Weintraub Entertainment, which claimed almost half a billion dollars in financing from Columbia Pictures, Cineplex Odeon and others when it was formed two years ago, is now bruised and battered from the box-office failure of its first three movie releases.

"The Big Blue," a European-produced film to which Weintraub Entertainment bought distribution rights, sold just $3 million in tickets last August. Then "Fresh Horses," the studio's first original production, which starred Molly Ringwald and Andrew McCarthy, grossed only $7 million at Thanksgiving.

But the biggest shocker was "My Stepmother Is an Alien," a Christmas comedy that matched up sexy Kim Basinger with funny Dan Aykroyd. The film cost at least $26 million to make and market, and was supposed to carve $50 million or more out of the Christmas box office, according to pre-release estimates by Columbia and Weintraub Entertainment executives.

Instead, "Stepmother"--despite a Washington premiere that included President-elect George Bush, a Weintraub friend, along with much of the inaugural and transition teams--was buried by Universal's "Twins" and Paramount's "The Naked Gun."

It grossed just $10 million in the United States during its first four weeks, leaving the 51-year-old movie mogul and former pop star manager (whose film production credits include, among others, "The Karate Kid" and "Diner") to wonder what hit him.

"It has personally knocked me for a loop," Weintraub said during an interview at the company's cream-colored, art-bedecked headquarters in West Los Angeles.

"Are the results of 'Stepmother' damaging to us? Absolutely. Are they insurmountable? No," he insisted.

"But it's going to slow me down. I'm re-examining the kind of pictures we're doing."

Though jolted by the setbacks, Weintraub said he still finds "Stepmother" a "terrific" film (reviews were mixed) and hopes it may eventually turn a profit on foreign, videocassette and cable TV sales. Company executives noted that the movie has already opened to good business in Australia and French-speaking Canada.

But Weintraub and Kleinberg acknowledged that they may consider at least slight cuts in the company's 170-member staff and might for the time being slow their pace somewhat from the seven or eight films a year they had previously planned to release under a 20-year distribution agreement with Columbia.

The company currently has four films in the can and may complete a fifth for release in 1989, according to Kleinberg. It plans to release "The Gods Must Be Crazy II," a sequel to the 1984 art-house hit, and "Daddy's Little Girl," which stars TV's Tony Danza ("Who's the Boss?"), this winter.

According to Kleinberg, the studio also expects to shoot "Evita" with director Oliver Stone, its showiest project to date, in Buenos Aires before the end of the year.

But at Weintraub, the mood of the moment is clearly one of shock, which, notwithstanding the three flops, seems strange when you consider the apparent size of the company's bankroll.
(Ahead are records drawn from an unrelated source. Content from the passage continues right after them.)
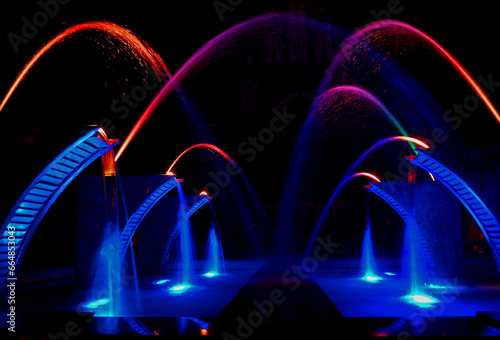 kolorowa fontanna oświetlona nocą, city fountain at night, arcs of water fountain, beautiful fountain. splash water. fountain in night 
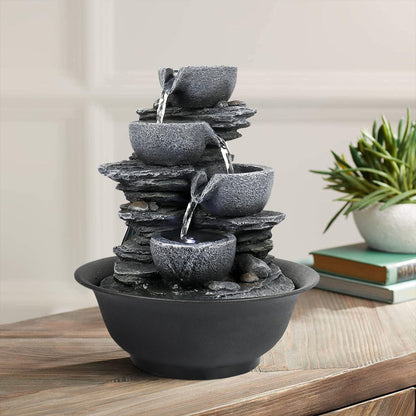 Light gray rockery tabletop waterfall decorating a cozy living room side table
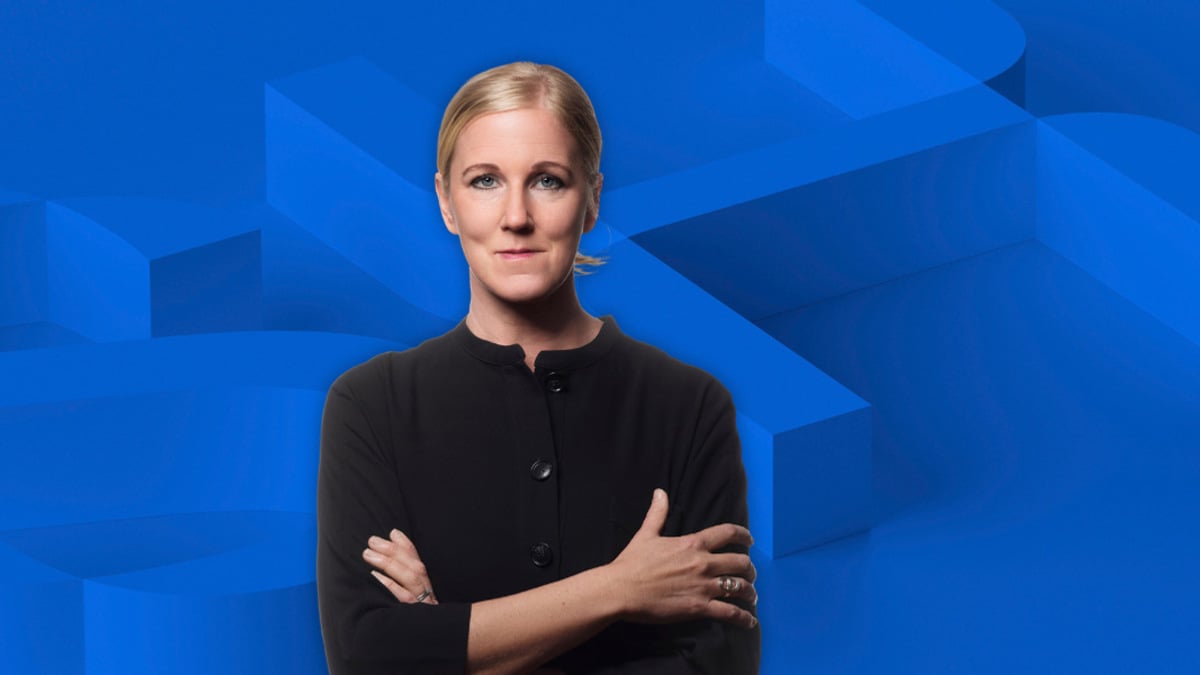 En kvinna står med armarna i kors framför en blå bakgrund.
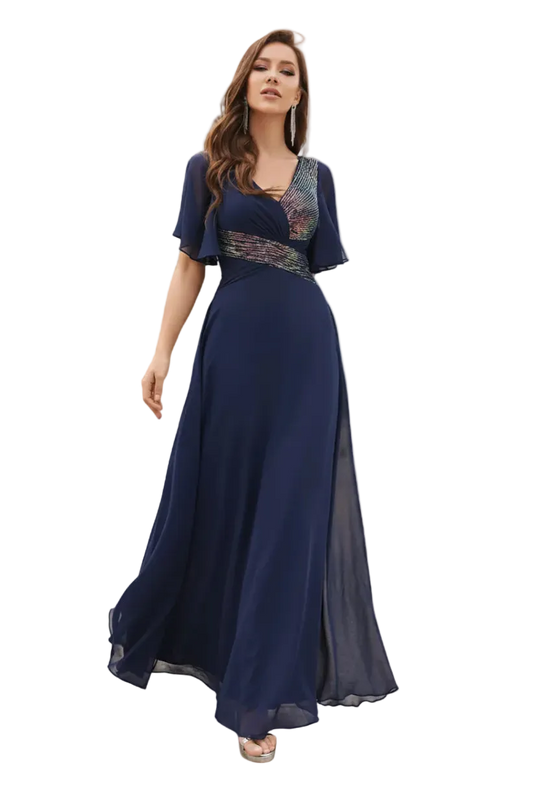 Woman in a long navy blue dress standing outdoors with palm trees and a pool in the background.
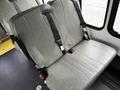 Interior view of two gray vinyl seats in a 2016 Ford Econoline with seatbelts and metal fasteners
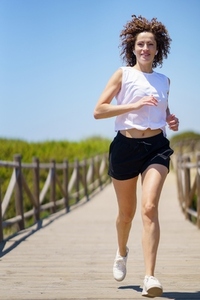 Fit sportswoman jogging along boardwalk on summer day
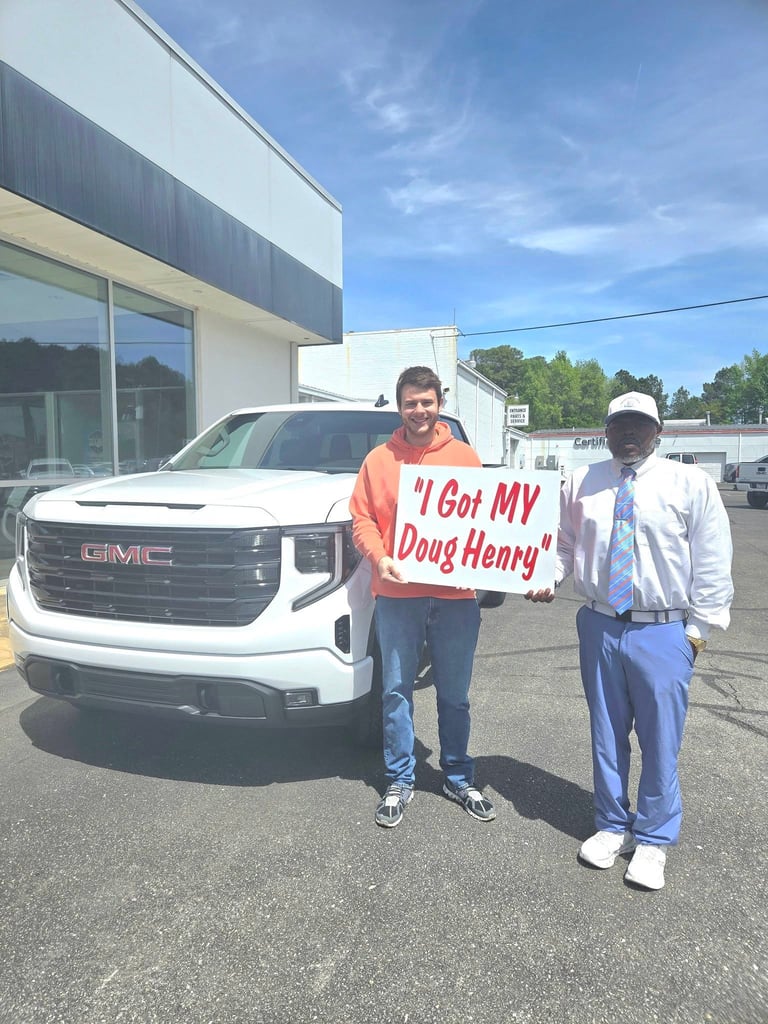 Two men stand in front of a white GMC pickup truck at a dealership, holding a sign that reads I Got MY Doug Henry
After all, when the studio was formed in February, 1987, Weintraub called it "the most highly financed entertainment company that's come down the pike," a reference to the dazzling $461 million in securities, bank loans and advances it had garnered from Columbia and others.

So where did all that money go?

According to filings with the Securities and Exchange Commission and other sources, the studio has actually been scrambling for capital ever since July, when the Bank of America terminated its commitment for a $145-million, 7-year credit line, wiping out almost a third of the company's expected war chest.

Peter Geiger, vice president of entertainment lending for the bank, declined to discuss reasons for the termination. According to Kleinberg, however, the bank had difficulty in syndicating portions of the loan to other banks after Weintraub Entertainment separately borrowed $50 million to help with its $85-million purchase of the 2,100-film Thorn-EMI Screen Entertainment film library from Cannon Group Inc.

The bank and the company say they are now close to finalizing a reduced, $95-million credit line, which will run for just two years and will include funds from Credit Lyonnais, a European lender.